Monday, June 09, 2008

PHOENICIAN DOG?
Burglar makes the mistake of choosing 22-stone mastiff's home

By Chris Brooke (Daily Mail)
Last updated at 8:54 AM on 09th June 2008

Of all the gardens in all the world, the thief had the bad luck to break into the one where Cromwell was peacefully gnawing on his bone.

The three-year-old English mastiff is a gentle pet. But his breed are also born guard dogs - and big ones at that.

Only the thief and Cromwell know exactly what happened next.
Enlarge Cromwell, his owner George Watson and the burglar's torn shirt

But it can't have been friendly, as the dog's owner heard a 'scream, a roar and a commotion' from the back garden.

George Watson, 43, had been having a bath and ran outside in his towel, to see the thief zooming off down the driveway in his van.

Apart from a very agitated dog, the only evidence the man left behind was the torn Tshirt.

[...]
Okay, not the usual PaleoJudaica fare, but this next bit caught my eye:
The breed now known as the English mastiff was brought to this country by Phoenician traders as early as the 6th century BC.

After the Roman invasion, they were used to fight in arenas against other large animals such as lions.
I didn't know the mastiff had a Phoenician connection, but the claim is certainly widely made on the Internet. The sentence above is a bit too telegraphic - the Phoenicians certainly didn't bring the dog directly to Britain - but here's a more detailed account:
These ancient mastiffs, whatever their origins and prey, are believed to have been the ancestors of the later war-dogs and sheepdogs for which ancient Epirus and Sparta were to become so famous. Molossia, a country in Epirus (located on what is now the Western coast of the Greek mainland), gave rise to the term "Molosser," which was the name given to the famous mastiffs of that region and which is still used to refer to members of the mastiff family.

Phoenicians traveling to Italy and on to Spain and France are thought to have carried these guarding dogs with them, perhaps selling them along with sheep and goats to herdsmen in those areas. By this time there were already reported differences in the ancient mastiffs. A number of sources available today refer to the early difference that developed between the white, longer muzzled, graceful "shepherd's" dog and the darker, heavier, dog used for protection and for war (Raulston). Both Strang and von Stephanitz report that Columella, a Roman writer, in about the year 60 AD in De Re Rustica describes two types of guard dogs: the white, swift sheep guarding dog or shepherd's dog and the dark colored, heavy farm guard dog. These early imports from Asia Minor to the Pyrenees were certainly of the first type and were the basis for the breed we now know as the Great Pyrenees.

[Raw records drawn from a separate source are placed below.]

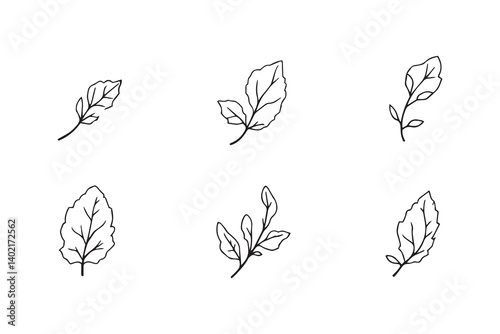 Set of 6 pec in two row  Camphor Leaf line art on white background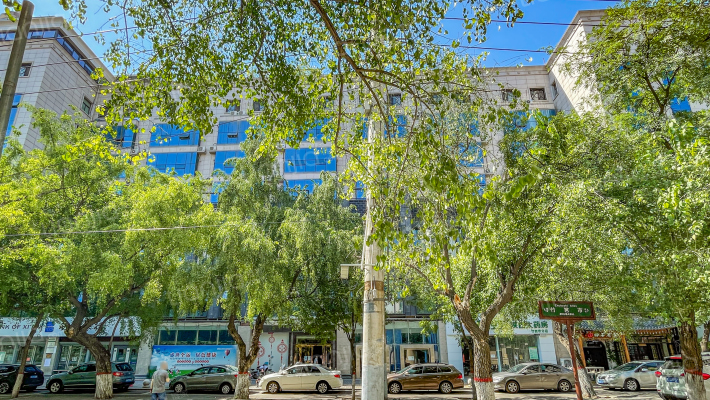 西木头市109号外景图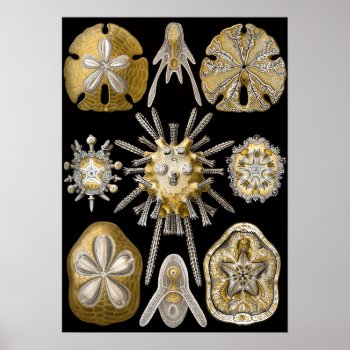 Vintage Sea Urchins Sand Dollars By Ernst Haeckel Poster by Ernst_Haeckel_Art at Zazzle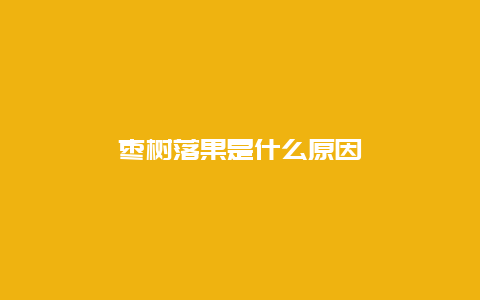 枣树落果是什么原因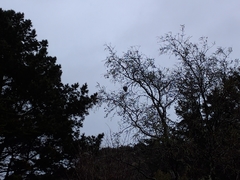 Hemiphaga novaeseelandiae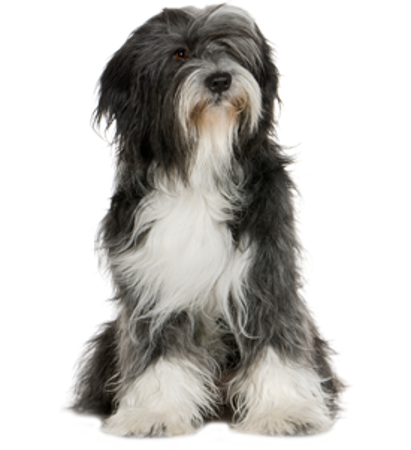 Picture for category Tibetan Terrier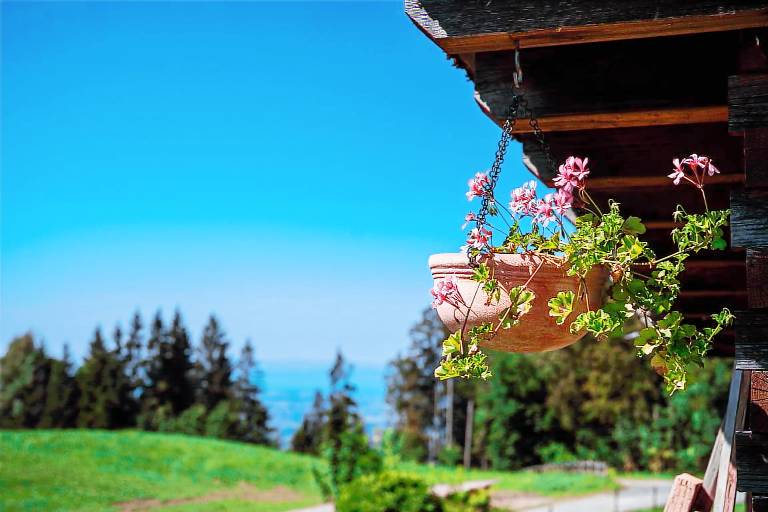 Neue Ferienwohnung mit Blick auf den Bodensee in Dornbirn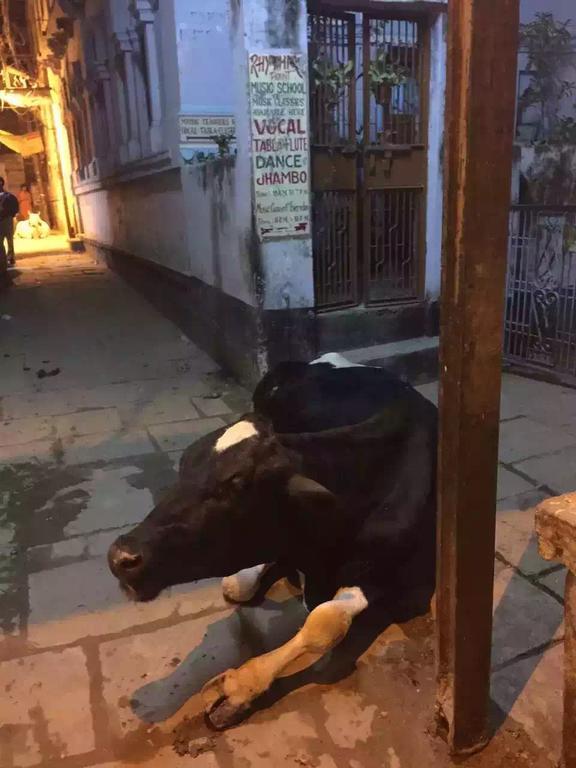 瓦拉纳西 天堂旅馆 酒店 外观 照片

Once the mastiff reached the Roman Empire, they had already been bred to suit special purposes, the first step in the development of "breeds" within a species. The Romans had developed one breed that very closely resembles the Sennenhund or Swiss Mountain Dog of today (Hubbard). In fact, there were no prehistoric Swiss mastiffs, or doggen, prior to the last century BC (Raulston). The Romans took their mastiffs into Gaul, now known as France. Their mastiffs guarded the mountain passes where a few hundred years later the St. Bernard would be found. These early mastiffs also contributed to French breeds like the Dogue de Bordeaux and quite possibly to the many breeds of hounds found in France. To the south, in Italy the Neapolitan Mastiff was born. In Spain, very near the homeland of the Great Pyrenees, the Spanish Mastiff developed. To the north, in Belgium, the feared tracker, St. Hubert's Hound, the ancestor of today's Bloodhound, was developed from the descendants of those fierce hunting dogs of prehistoric times. The retrievers, like the Labrador and the Chesapeake, are thought also to trace to the ancient mastiffs.

From the Alps, the mastiff is thought to have been adopted by the Germanic peoples and then to have traveled to Great Britain with Angles and Saxons. The Great Dane is known as the Deutsche Dogge (or German Mastiff) in most countries today. In Chaucer's day the Middle English words alaunt or alan and alano were also used to indicate early mastiffs. These words may have derived from the word Alani, the name of an Eastern race that lived before the time of Christ in what is now Albania (AKC) or they may have , in fact, been corruptions of the word Allemannni, the Germanic people who invaded France prior to the reign of Charlemagne.
I have no idea how accurate any of this is, but it's interesting.